In the post-Brown v. Board of Education era, the district received its desegregation lawsuit in 1965, filed by black parents, on behalf of 131 children protesting racial segregation in the district. The case took over 62 years to resolve, and unlike many Southern school districts, the Cleveland School District never consolidated its white and black schools, which until then were actually segregated by law. In 1969 Cleveland High School, historically a White school, opened admission to black students. About 1,000 white people protested at the time Black students were legally allowed to enroll in White schools.

Up to 2016 there were racial demographic differences remaining in the district's schools, with those west of the former railroad tracks having a whiter student body.

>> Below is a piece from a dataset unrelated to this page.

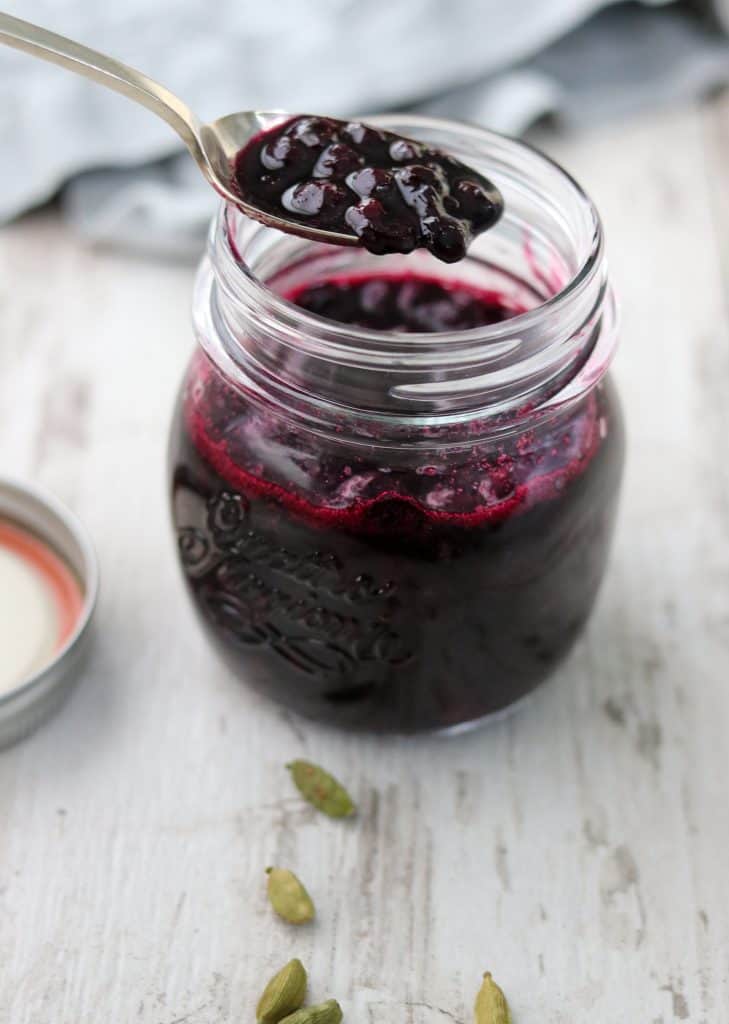 Blueberry compote in a jar with a spoon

The district had two sets of secondary schools: a middle school and a high school that were historically white, and a middle school and a high school that were all-black. Margaret Green Junior High School and Cleveland High were historically White, and by 2015 had populations evenly divided between Black and White students. D.M. Smith Middle School and East Side High School had all black student populations. Sharon Lerner of The Atlantic wrote that "As a result, Cleveland has some of the most integrated —and some of the most segregated—public schools in the region." Beginning in 1990 the district made many failed attempts, including a freedom of choice enrollment program allowing any student to enroll in any school with his/her grade level, International Baccalaureate programs, and magnet programs, to encourage White students to enroll in almost all-black schools, but these plans did not work.

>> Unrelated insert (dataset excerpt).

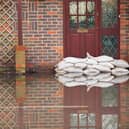 Sandbags outside front door of flooded house. Photo: Adobe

The U.S. Justice Department, in 2011, argued that the Cleveland School District had failed to properly integrate the system, reviving the discrimination suit from a dormant state. Until the conclusion of the desegregation case the school district had been proposing to continue operating the two sets of secondary schools with "Freedom of Choice" and magnet programs, although one of its two desegregation programs did advocate merging the middle schools. The U.S. Department of Justice advocated consolidating the schools, arguing that the voluntary programs were not effective and that the black schools were disadvantaged. Part of the resistance against consolidation stemmed from fear that the integrated schools would suffer from white flight if consolidation happened. Jim Tims, a former member of the Cleveland School Board, stated that by consolidating the schools the single high school would be about 30% white, and that since White people do not wish to be "a small minority" they would engage in white flight and enroll in nearby majority white private schools. The school district also argued that more spaces would be available for extracurricular activities if two high schools remained open in Cleveland.

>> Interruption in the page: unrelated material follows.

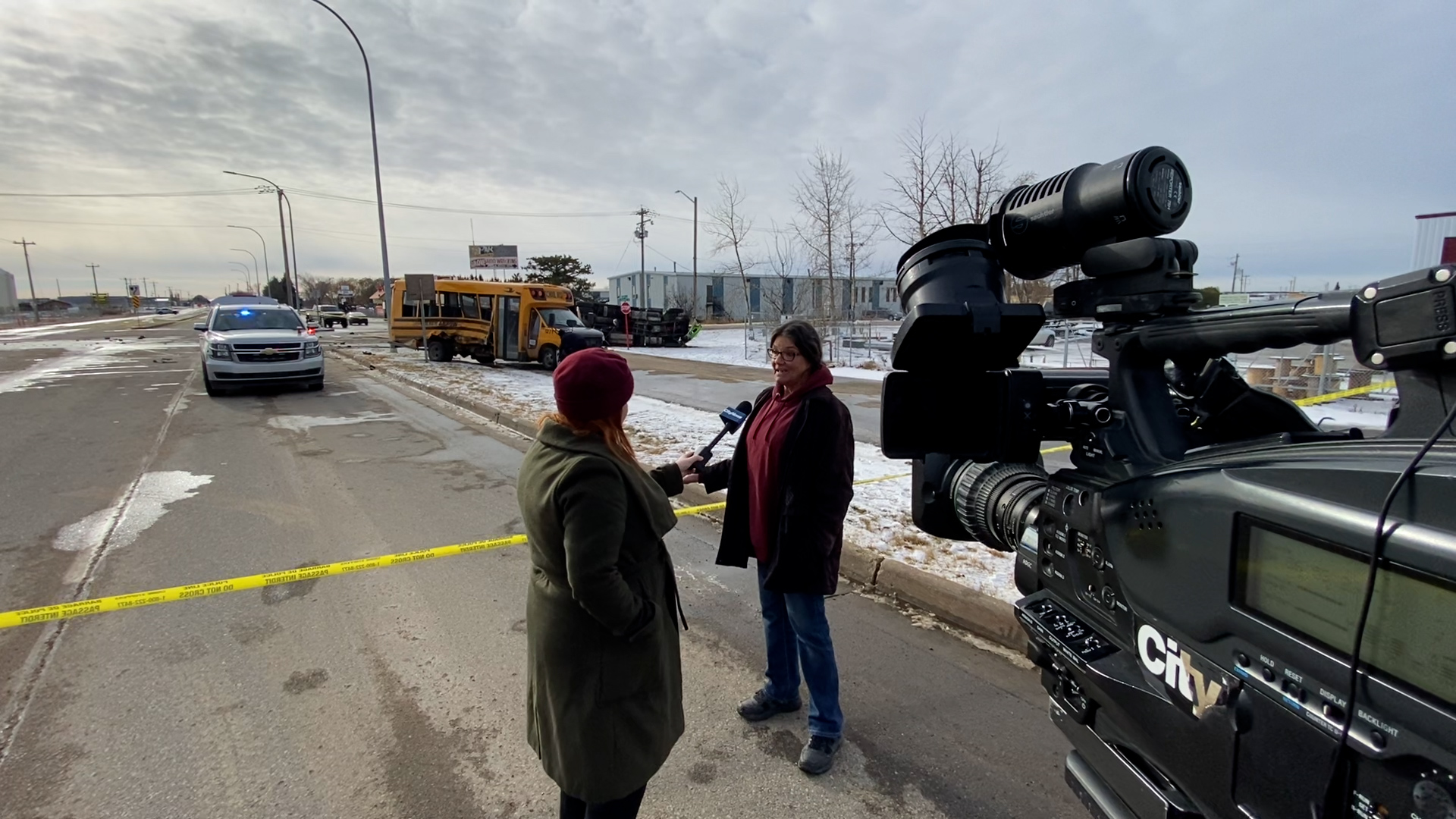 Chris Heyligers, right, speaks with Carly Robinson at the scene of a school bus crash in Spruce Grove west of Edmonton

In May 2016 the U.S. District Court for the Northern District of Mississippi ordered the school district to consolidate the schools in order to achieve racial integration. Cleveland High School will house all high school students, while the former East Side High School will house all middle school students. In 2017 the consolidations occurred. Also, all elementary schools will go until the 6th grade.

==Schools==
Secondary schools:
- Cleveland Central High School - Formed in mid-2017 by the consolidation of Cleveland High School and East Side High School, occupying the former Cleveland High School and Margaret Green Junior High School.
- Cleveland Central Middle School - Formed in mid-2017 by the consolidation of D.M. Smith Middle School and Margaret Green Junior High School, located at the former East Side High School campus.

Elementary schools:
- Grades 1-6
  - D. M. Smith Elementary School (formerly Cypress Park Elementary School) - Its original campus had an "open concept" layout. In 2017 the school moved to the former D. M. Smith Middle School and changed its name.
- Grades K-6
  - Parks Elementary School
  - Pearman Accelerated School
- Grades PreK-6
  - B.L. Bell Academy for Math, Science and Health Education (Boyle)
  - Hayes Cooper Center (Merigold)
  - Nailor Elementary School
Other Campuses:
- Cleveland Career Development and Technology Center
- Walter C. Robinson Achievement Center

==Demographics==
As of spring 2016 the district had 3,700 students. 66% were black, 30% were white, and 4% were Hispanic and/or Asian.

As of 2016, Margaret Green Middle School had more than 496 students, with 51% of them being black and 43% of them being white. Cleveland High, the historically white high school, was 47% black and 45% white. As of 2016, 99.6% of the 248 students at D.M. Smith Middle School were black, and East Side High, the high school serving the black area, was 100% black. In addition to D.M. Smith and East Side High, Cypress Park and Nailor elementary schools, also located in eastern Cleveland, had enrollments over 95% black. The U.S. Department of Justice hired an investigator who stated in 2009 that the conditions of the almost all-black schools were inferior to the other schools.

The projected enrollment of the consolidated middle school, which opened in 2016, was 692 students, with 71% being black and 26% being white, and the projected enrollment of the high school was 1,098 students, with 63% being black and 32% being white.